Saturday, November 28, 2009

The School of Hard Knocks; Don't Drift on Dented Rims

Impressed by some youtube videos, the other day I set out to teach myself to drift and do doughnuts on my bicycle. Drifting was easy. Doing doughnuts proved impossible for me, at least on the bicycles I had at my disposal: a wal-mart moutain bike-ish hybrid, and my Franklin road bike. I drifted through turns for a few days and without realizing it I wore through the millimeter-or-so of rubber bonded to the case of my tubular that passes for tire tread.

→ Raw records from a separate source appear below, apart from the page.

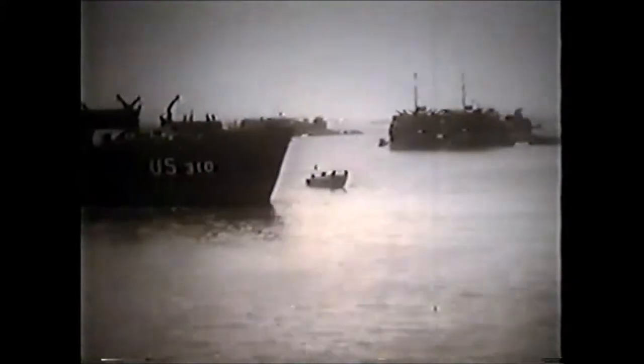D-Day. At an English harbor, vessels of all sizes are loaded, waiting for the signal that will start them on the trip to Normandy.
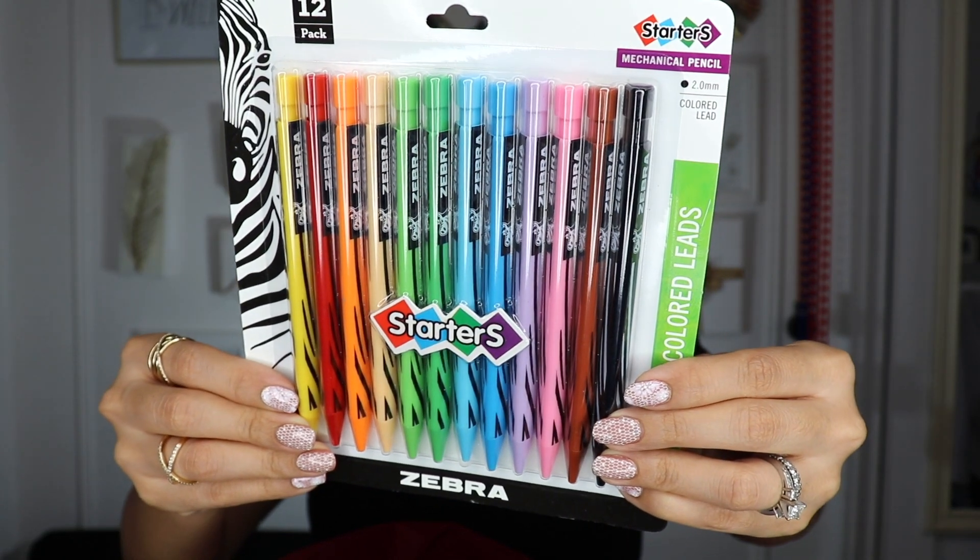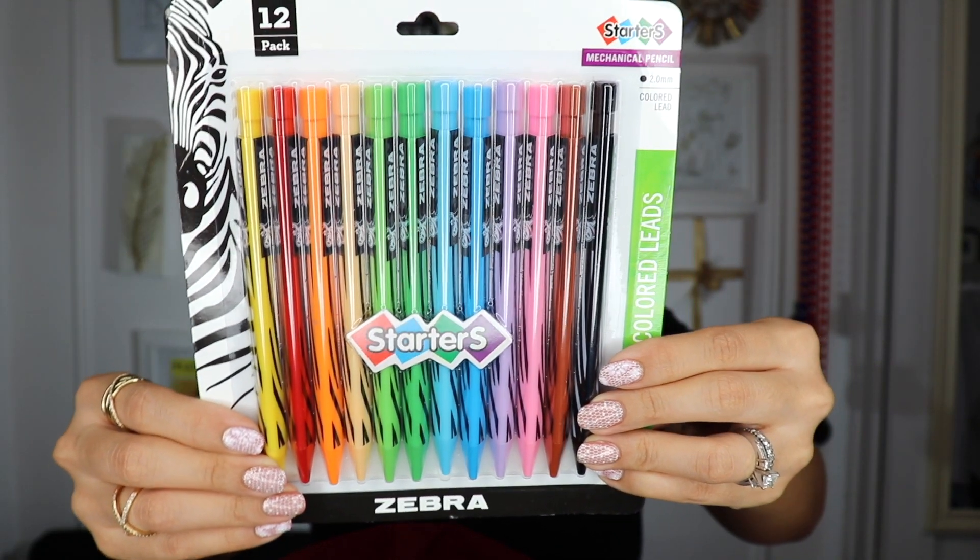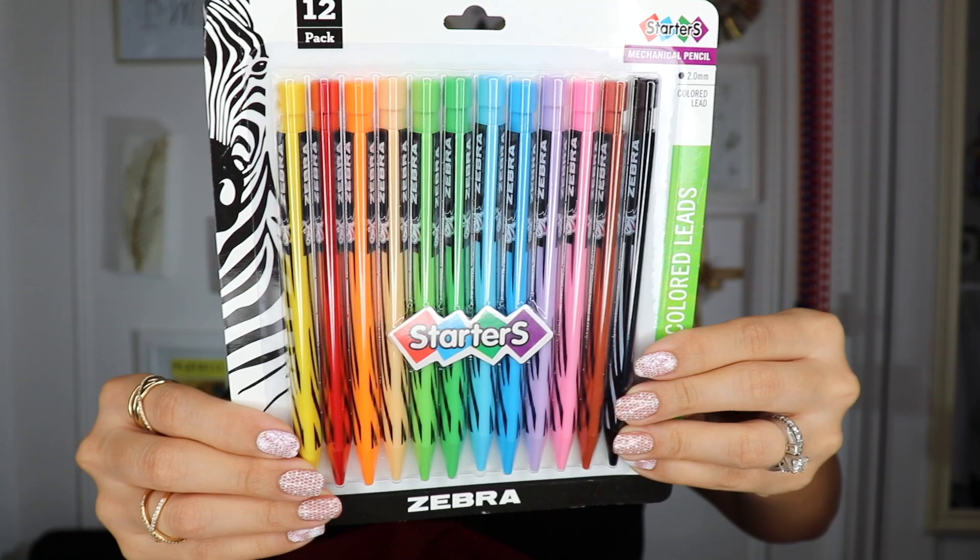These are Starters Mechanical Pencils with bright colored leads by Zebra. They are colorful mechanical pencils perfect for beginners, with a bold lead that is hard to break and long lasting. The triangular barrel is easy to hold, and they have a variety of colorful leads with a smooth, silky lay down.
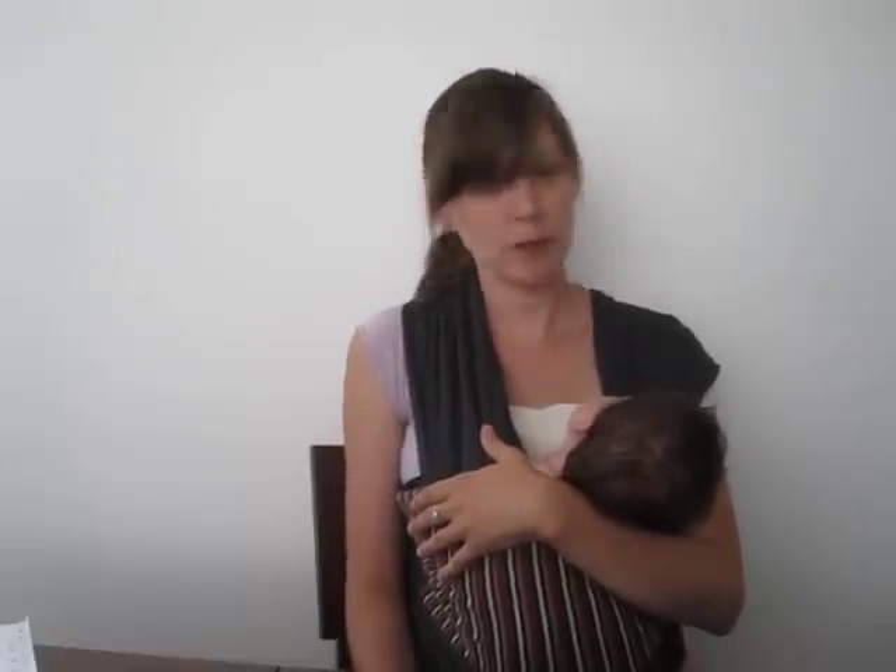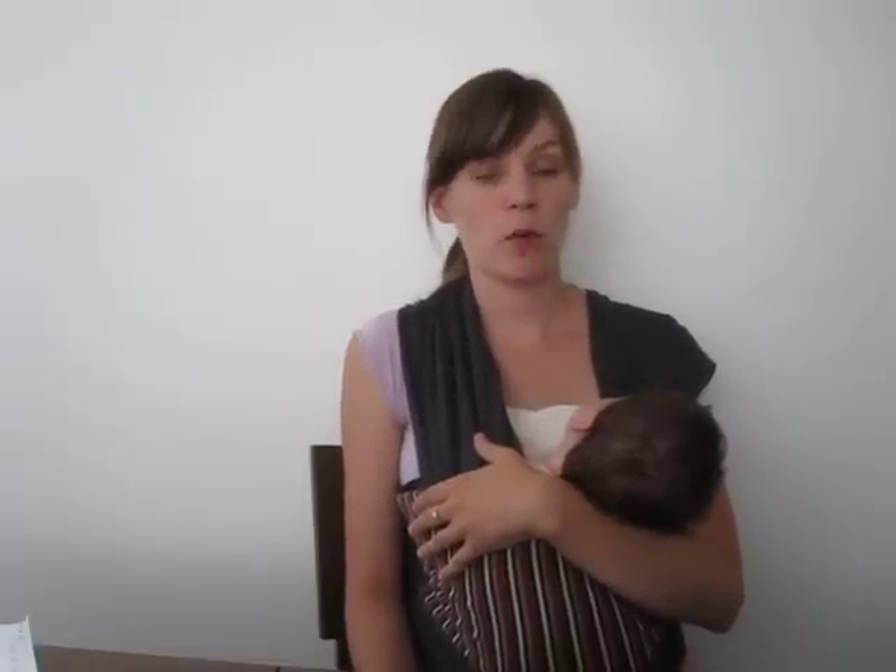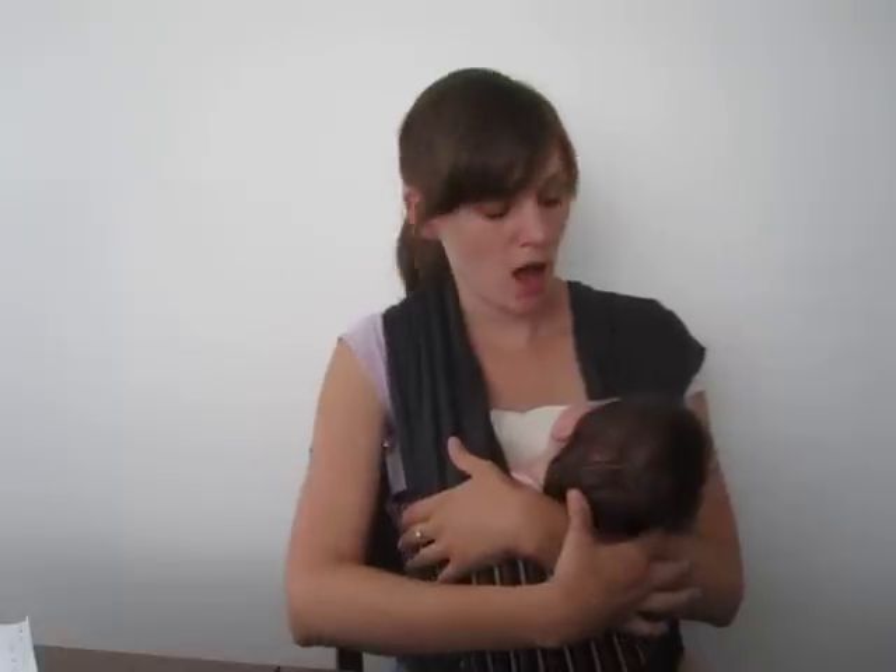When I was 38 weeks pregnant, I followed the sizing chart guide on the belly fit website and I ordered the pull-up style girdle. I live in Canada so I was worried that it wouldn't arrive in time before baby, but shipping was really fast.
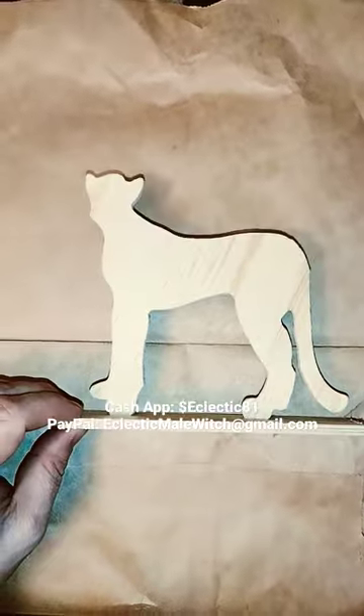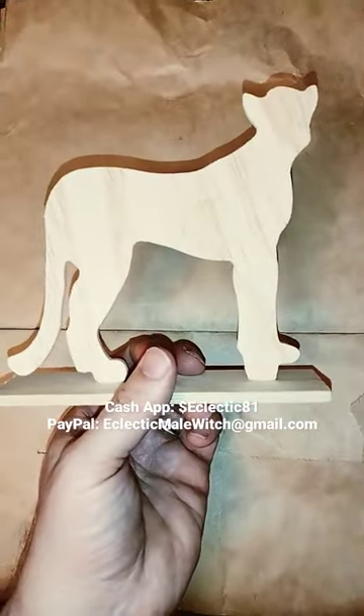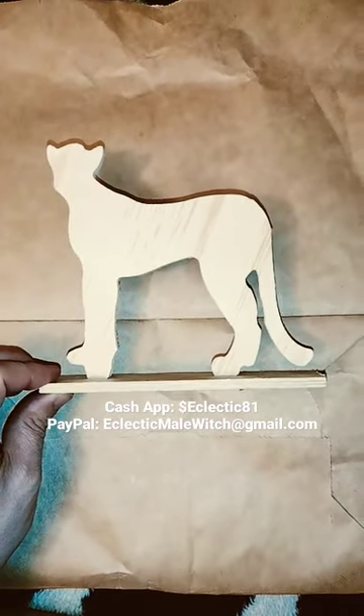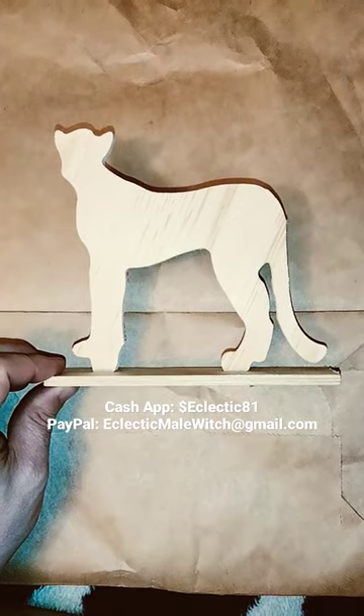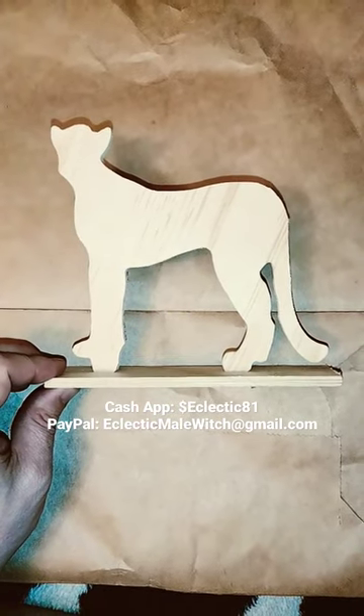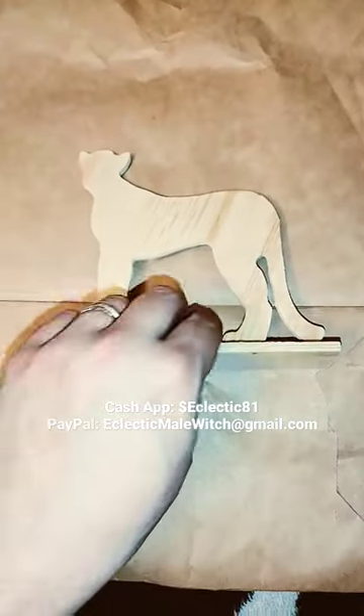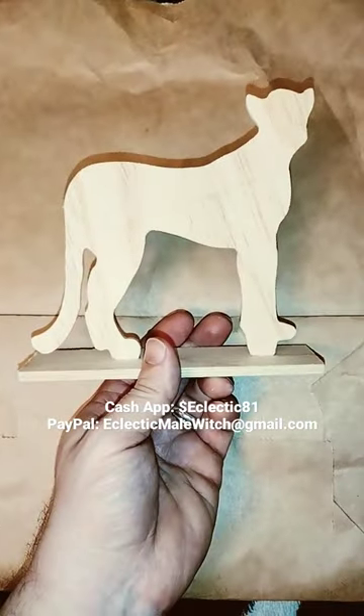I just wanted to show you guys this little wooden cat that I got. I'm actually going to be painting it up and putting eyes on it. I'm not sure what color fur I'm going to make it yet. It looks more like a wild cat, so I might make it either yellow or black. I love cats — I have a tuxedo cat — and I just thought this would be a good addition to my altar.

There is a defect in my rear rim (earned from the unforgiving edge of a pothole on the outskirts of Querbes Golf Course) that causes my caliper brake to stop it always in the same spot when braking heavily.  Jump ahead a week or so and a friend and I decide to bike to our local (corporate) video store which is seven-or-so miles away; I on my Franklin and he on my yellow Goodwill cruiser. We had covered probably five miles of that distance when we had to stop for a small family of five: mom, dad, and three children to cross the street to a Catholic Church. As I decelerated there was a loud bang and hiss from my rear tire that frightened both my fellow rider and this God fearing family (the children ran for it). Instantly I knew what had happened; I'd had a blow-out at 100 psi.


This was way louder than it looks.

I walked my wounded road bike a block to Broadmoor Library and chained it up. I put my friend on the handlebars of the yellow cruiser and pedaled him the rest of the way to the video store. Riding together we laughed at how funny a picture we must have been striking and bemoaned not having a camera to capture it. I described to him how I am often struck by such humor when realizing I am an unemployed twenty-eight year old loser still living with his parents and riding a bike to his local comic book store. Then he and I marveled that I had ever managed to have a girlfriend at all. At the video store we rented Maximum Overdrive and then went to grocery store next door and bought some 1 liter Tecates so I could drown the dissappointment of my life. When we returned to the library another friend was kind enough to give us and my bicycles a ride back home in her VW van, saving the day ($30 mistake with tubular tire excepted).

The day after this debacle I got the MKS dust caps in for my Campagnolo pedals.



All in all I consider them a very good replacement; and the monicker they bare has proven not to bother me so much. They are quite beautiful for $4.